Work required: Give exactly the lines from the one that contains "4' WHITE GLITT GLASS ORNBALL/FINIAL/DROP" through the end of the entries below, both included; the pictures stay out.

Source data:

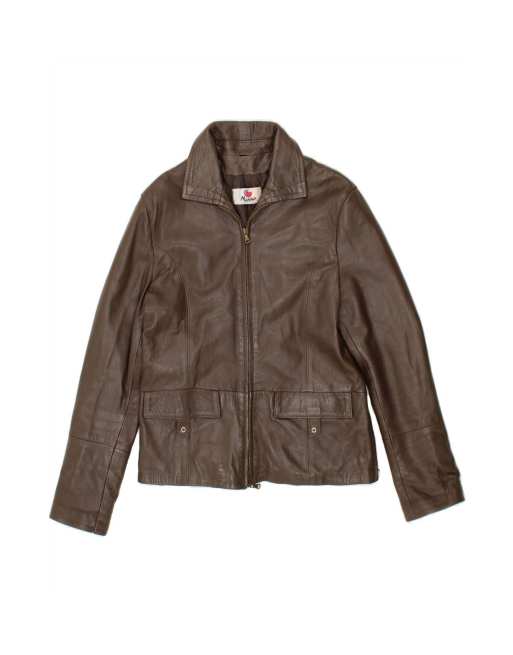 Vintage Leather Jacket UK 16 Large In Brown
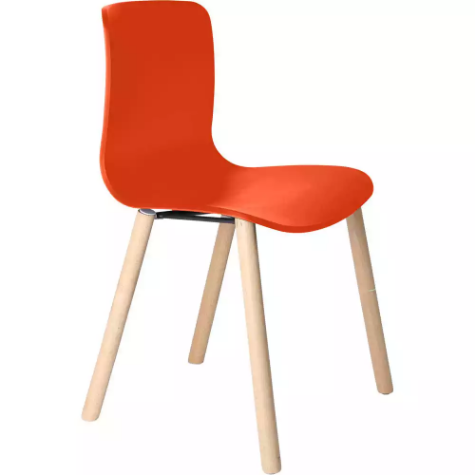 Picture of DAL ACTI CHAIR 4-LEG TIMBER FRAME ORANGE POLYPROP SHELL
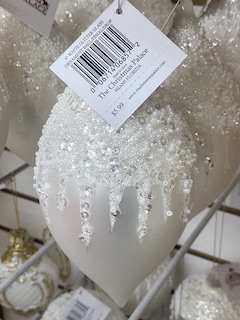 4' WHITE GLITT GLASS ORNBALL/FINIAL/DROP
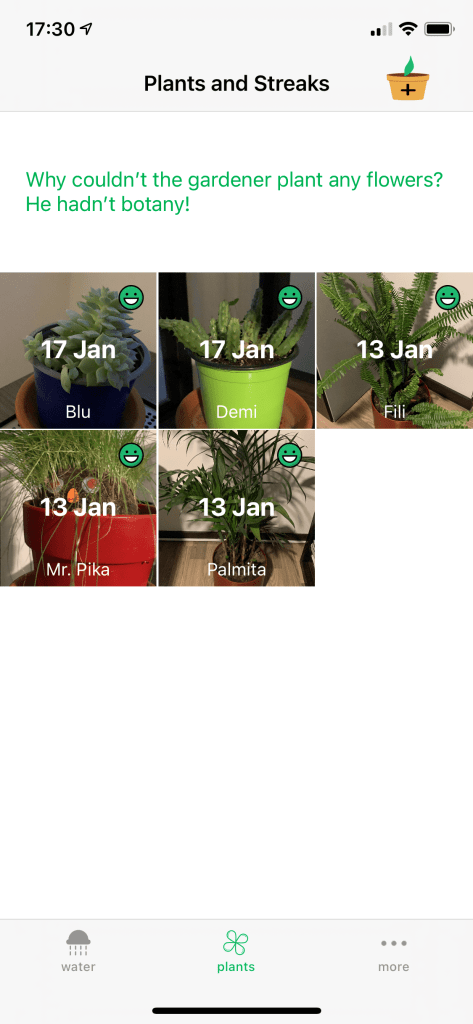 Captura de pantalla de app HappyPlant en iPhone mostrando plantas registradas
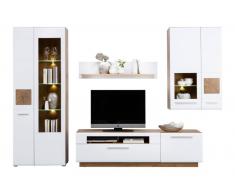 Hom´in Wohnwand SAVONA,Holznachbildung,Weiß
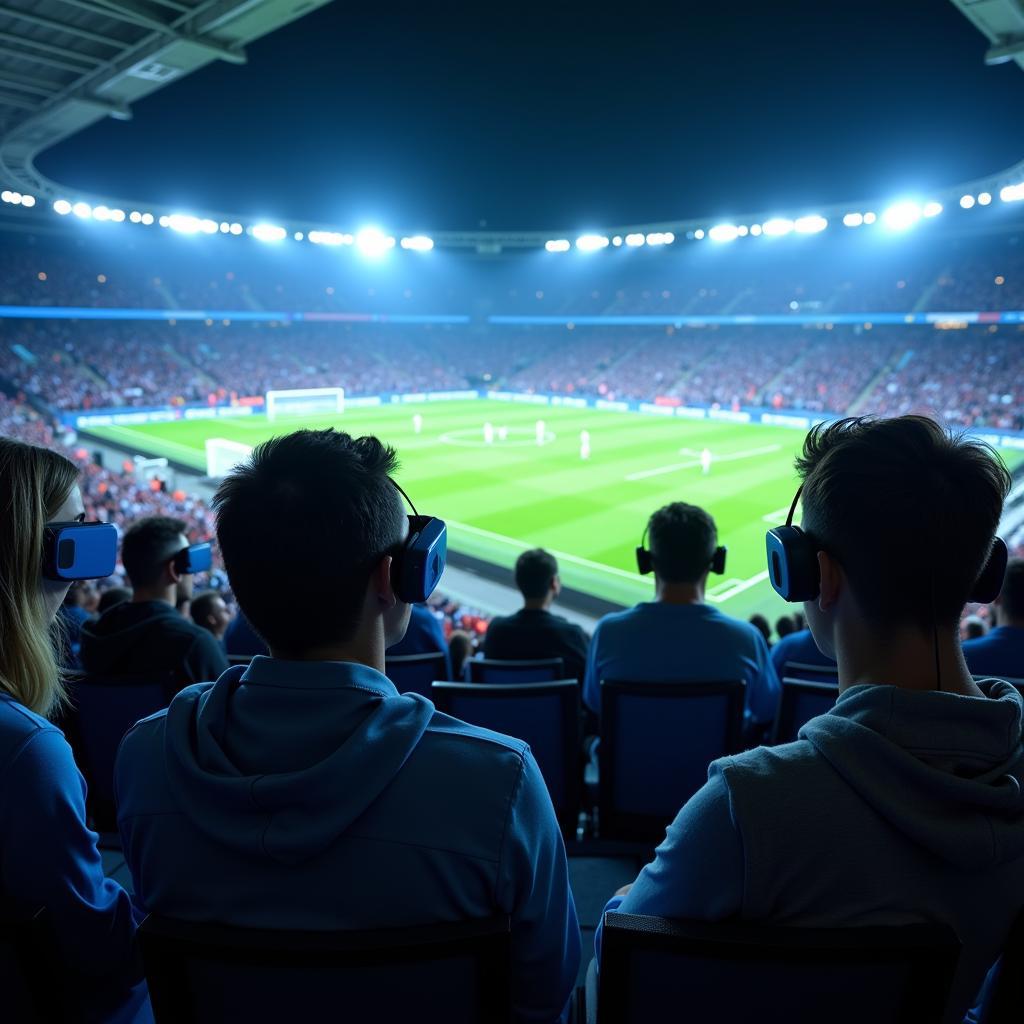 Fans experiencing a Manchester City live match through VR technology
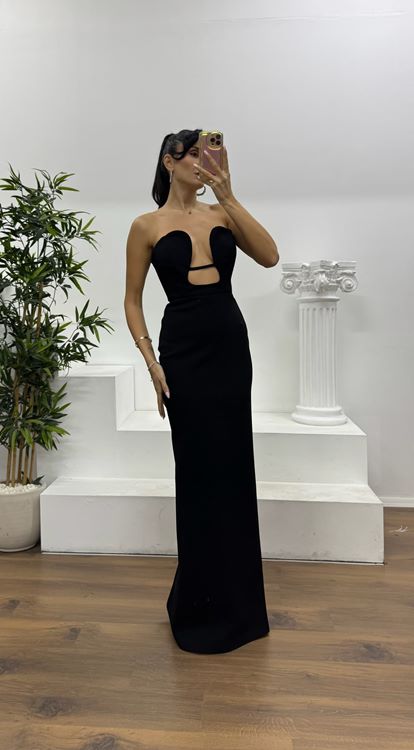 Siyah Straplez Kalp Yaka Özel Tasarım Abiye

Task output:
 4' WHITE GLITT GLASS ORNBALL/FINIAL/DROP
 Captura de pantalla de app HappyPlant en iPhone mostrando plantas registradas
 Hom´in Wohnwand SAVONA,Holznachbildung,Weiß
 Fans experiencing a Manchester City live match through VR technology
 Siyah Straplez Kalp Yaka Özel Tasarım Abiye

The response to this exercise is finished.